WHAT YOU NEED TO DO: In the entries that follow, repeat exactly the lines from the one that has "3 - Olena Blue" through the one that has "FRANCE, JACQUES COEUR", but omit pictures.

MATERIAL SUPPLIED:
--

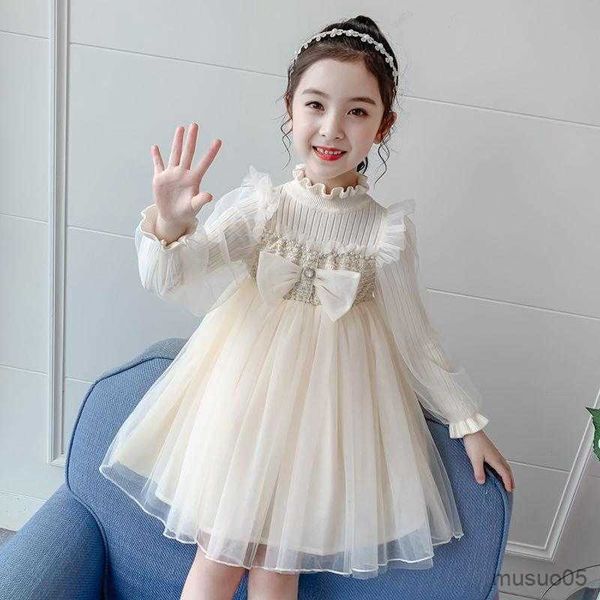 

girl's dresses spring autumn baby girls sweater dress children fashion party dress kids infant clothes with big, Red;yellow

--

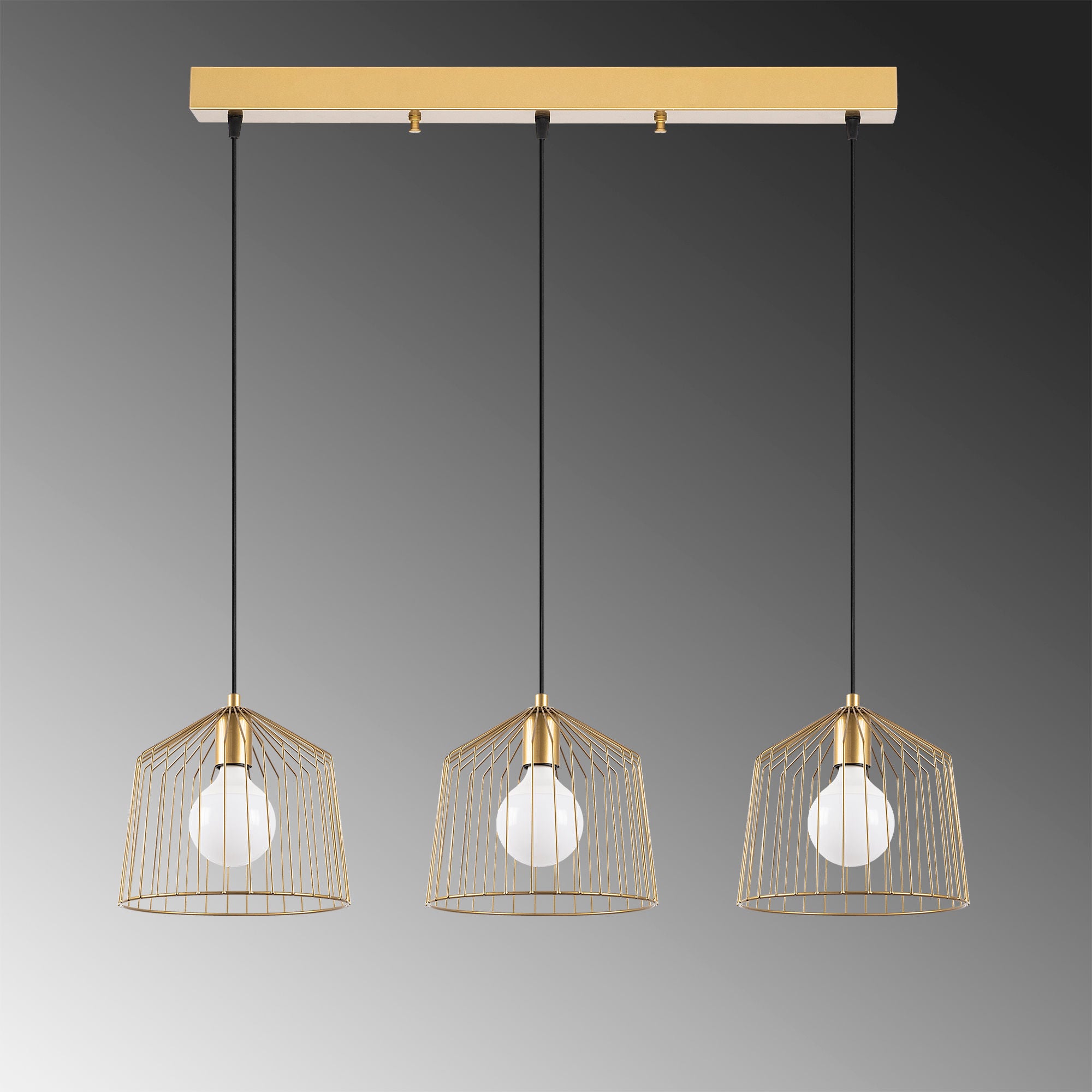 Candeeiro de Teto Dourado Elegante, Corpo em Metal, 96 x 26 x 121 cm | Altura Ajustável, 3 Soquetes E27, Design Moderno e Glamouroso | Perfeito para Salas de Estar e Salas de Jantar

--

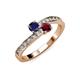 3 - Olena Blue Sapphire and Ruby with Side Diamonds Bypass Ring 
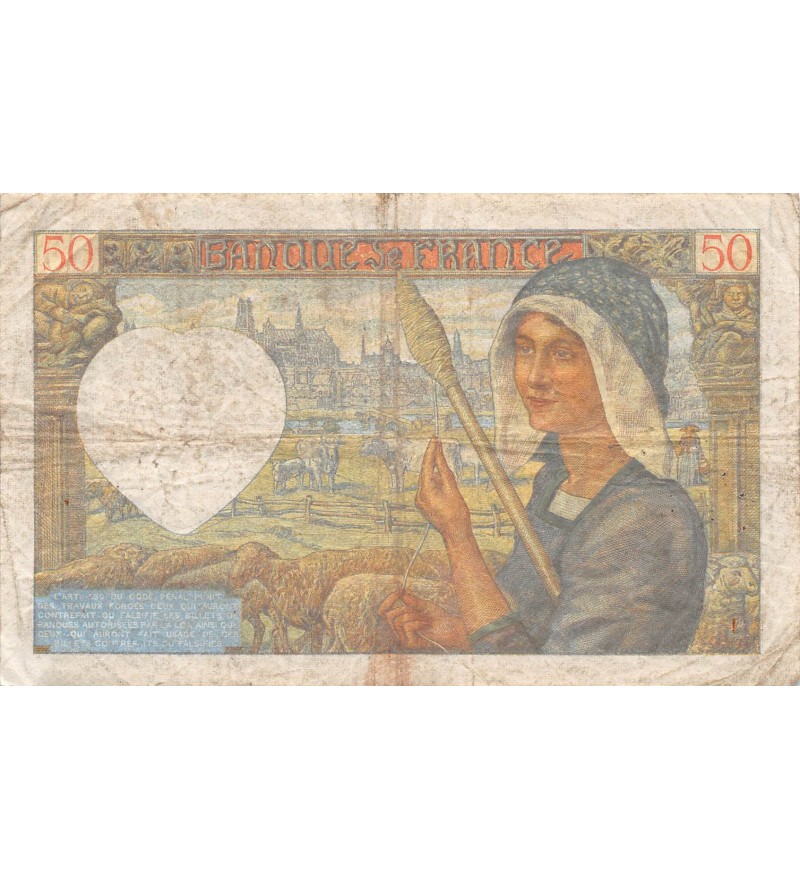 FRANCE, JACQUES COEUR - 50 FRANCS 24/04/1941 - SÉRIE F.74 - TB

--

TASK OUTPUT:
 3 - Olena Blue Sapphire and Ruby with Side Diamonds Bypass Ring 
 FRANCE, JACQUES COEUR - 50 FRANCS 24/04/1941 - SÉRIE F.74 - TB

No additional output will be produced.